I guess I have to say I'm sorry. I've learned that it is also really asking too much to expect people to think about thinking on such vast scales. Unfortunately I spent most of the last 30 years developing my ideas more or less based on the idea that I was making tools for people to better enjoy thinking for themselves. There's a gap. While you might accept my assertion that nature will eventually look more natural if we give up the wrong half of our thinking about it, the question remains, which half?? It may not help to say many keys are in our oldest and most primitive ways of thinking, that we all already know how to use and all share. Maybe I'm at a point where I can think about it in a new way, and get a little help. We'll see.

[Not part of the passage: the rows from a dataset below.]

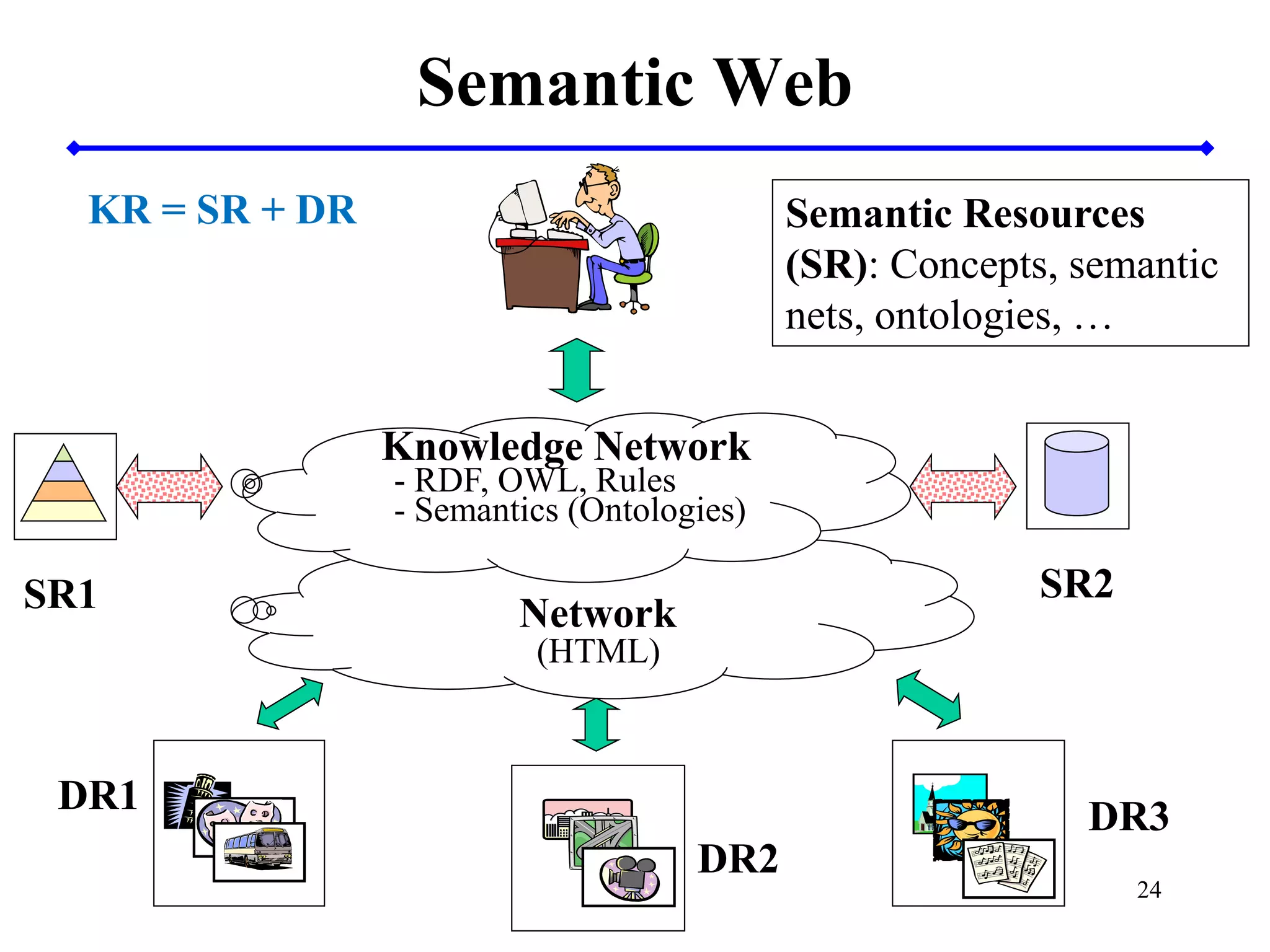 24
Semantic Web
DR2
DR3
Network
(HTML)
Knowledge Network
- RDF, OWL, Rules
- Semantics (Ontologies)
SR1 SR2
Semantic Resources
(SR): Concepts, semantic
nets, ontologies, …
DR1
KR = SR + DR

There's also the slightly 'dervish' quality of some of my writing and the very ideas it's built on. Again I need to apologize. Partly it has to do with my original methods for breaking down barriers in my own thought, sometimes using exaggeration to test the limits and find the flaws. Some of the wild quality also comes from my periods of having a ball with it and absolutely no one listening, as well as sometimes really straining to find the right words! No doubt I can do better than splash incomprehensible supergraphic images on people's screens, though. Still, because I'm nostalgic for the stumbling path I took, and because there is a very material benefit to 'composting' ideas, like for making rich mental soil, I probably won't erase the messy stuff. Besides, though it's another story, the main gold mines for information about the interior design and behavior of natural systems are the messy and transitional periods of change in-between the regularities. There's no reason to step on the conclusions of science, just it's assumptions, because science has only been looking at the other stuff. p.h.
Side Two
-
Side one, above, was mostly about a kind of deductive
model for inventing things in the haze of information we confront, by attending
to its foggy shapes. How I really think, well one can
never know that of course, seems to be neither deductive or inductive, but
exploratory. As the crib sheets explain, 'deductive' reasoning
is a matter of following a chain of connections from a general idea to a more
specific one, and 'inductive' the reverse. Scientists and designers
often used an inductive process beginning with immersing themselves in some
context of information and relations between things, searching for what ties
them all together in a way that is useful for deductive reasoning at a later
point in time. Travelers and builders, on the other hand, may more
likely look for and follow the signs needed to follow a particular path to an
end, using the 'trip' or the 'project' with other general ideas as a guide to
deducing individual decisions. I'm a great fan of immersion in the
unknown, and can fairly easily switch to following directions, but I'm most
inclined to begin each by first making what might seem like a hopeless mess of
things. I poke around the contradictions I can find to if any
are 'live' ones, or throw up all kinds of wild ideas without carefully studying
the situation just to watch how they fall apart and get a feel for my first
misimpressions and rawest creative hints. Then I more or less
carefully tend to composting the continuous accumulation of abandoned fragments
and somewhat studiously combing through them for useful stuff from which to take
off in new directions while continuing to poke around and slowly building a
versatile point of view.
Maybe I'll add more description later, and some examples might help, but that seems to put it simply.